OK, starting with the basics. I want to add two vectors. The OO way ...
(as I understand it. Please include "as I understand it" as a standard
disclaimer for anything I write here.)
..... is to make a vector object and define an addition method. My vector would
be
an instance of a Vector class. That would look like:
a = Vector(1, 2, 3)
b = Vector(4, 5, 6)
and I would add them together with
c = a.add(b)
Well, not if I want to keep my sanity, because nothing else in Python works that
way. In Python (and I assume every other language), things that look like
instance.method()
return None and change the state of instance. I don't want to return None OR
change the state of instance, but if I want to avoid bleeding from my eyeballs
in the future, I'd better make sure I stick to that convention. (Sure, there's
also a + b possible, but I want to expand this logic to more complex
operations).
So, I make a function and end up with
c = vector_addition([1, 2, 3], [4, 5, 6])

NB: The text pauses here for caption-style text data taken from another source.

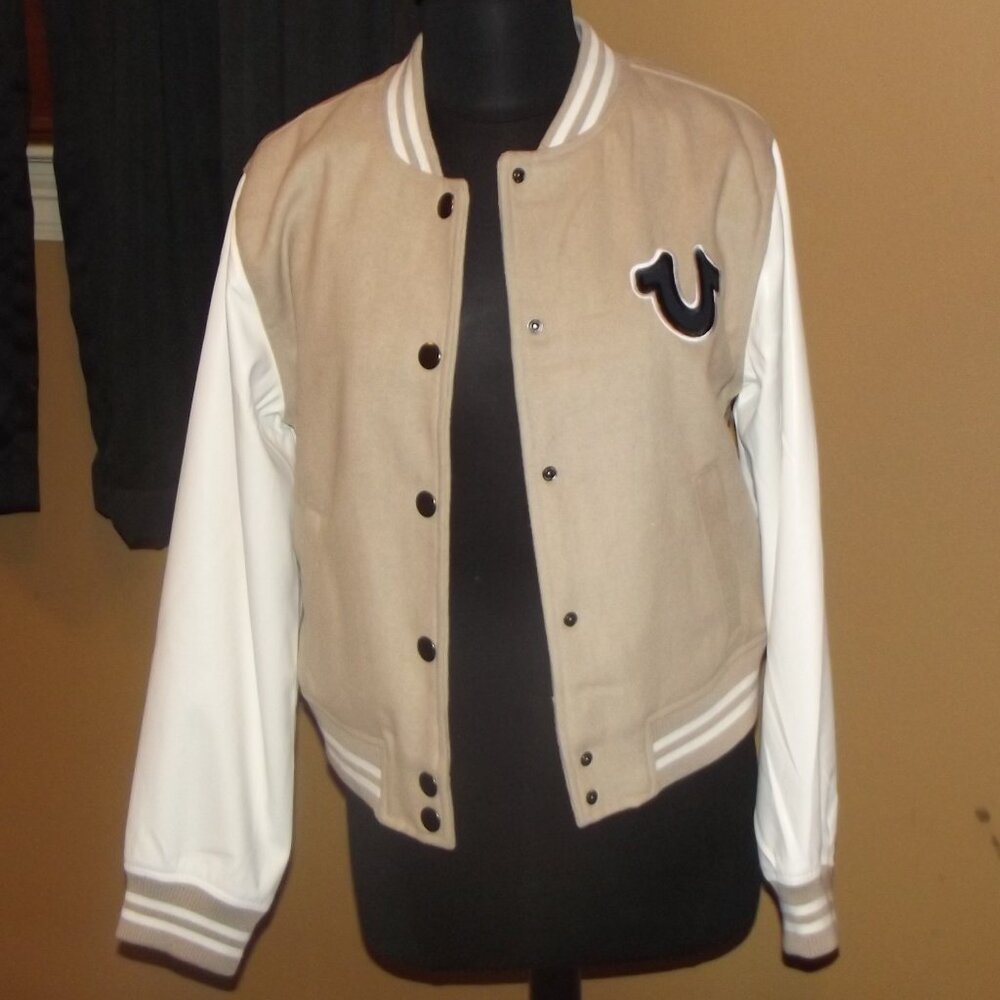 NWT True Religion True Varsity Jacket Travertine/ Winter White Women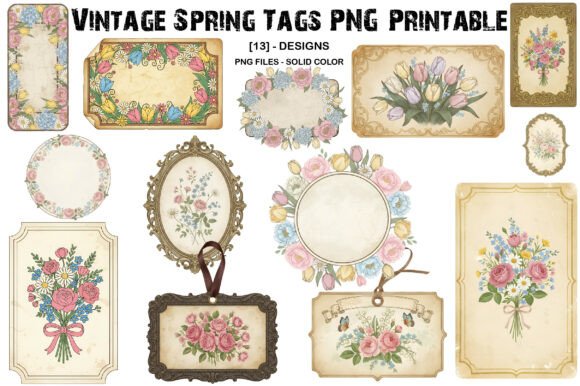 Download Vintage Spring Tags PNG Printable - Printable Collection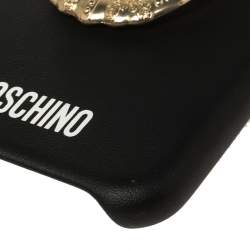 Moschino Black Leather Lion Head Handle iPhone XS Max Case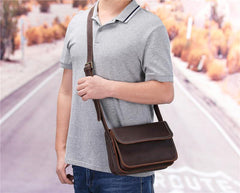 Brown Cool Leather Small Messenger Bag Satchel Postman Bag Coffee Side Bag Courier Bag For Men - iwalletsmen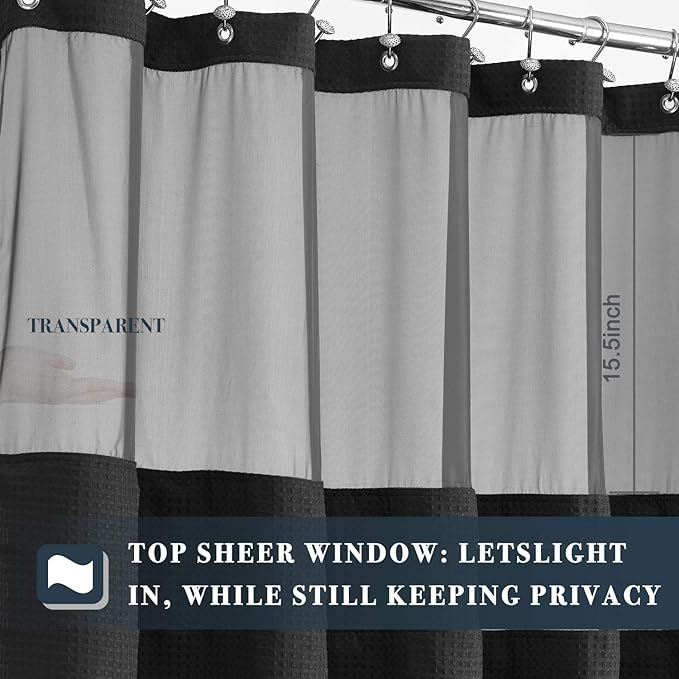 N&Y HOME Waffle Weave Shower Curtain with Snap-in Fabric Liner & 12 Black Hooks Set - Hotel Style, Water-Repellent & Washable, Mesh Top Window - 71x72, Black
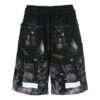 Pantalones Cortos con estampado de salpicaduras de tinta, negros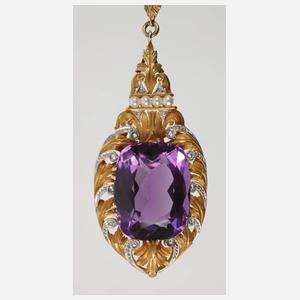 Prächtiges Collier mit Amethyst und Perlen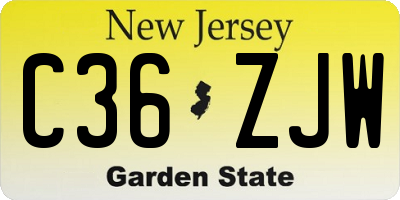 NJ license plate C36ZJW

And then I realize that vector_addition is "good" for other things as well:
c = vector_addition(([1], [2], [3]], [[4], [5], [6]])
is an ugly, sloppy way to get the transverse of a 2xwhatever matrix.
And that could be improved. Instead of the ugly [[1], [2], [3]] stuff, I could
define another functions which add numbers like lists
list_addition(a, b) => [a, b]
Now I can use
c = vector_addition(number_addition, a, b)
or
c = vector_addition(list_addition, a, b)
or functools.partial into vector_like_list_addition(a, b)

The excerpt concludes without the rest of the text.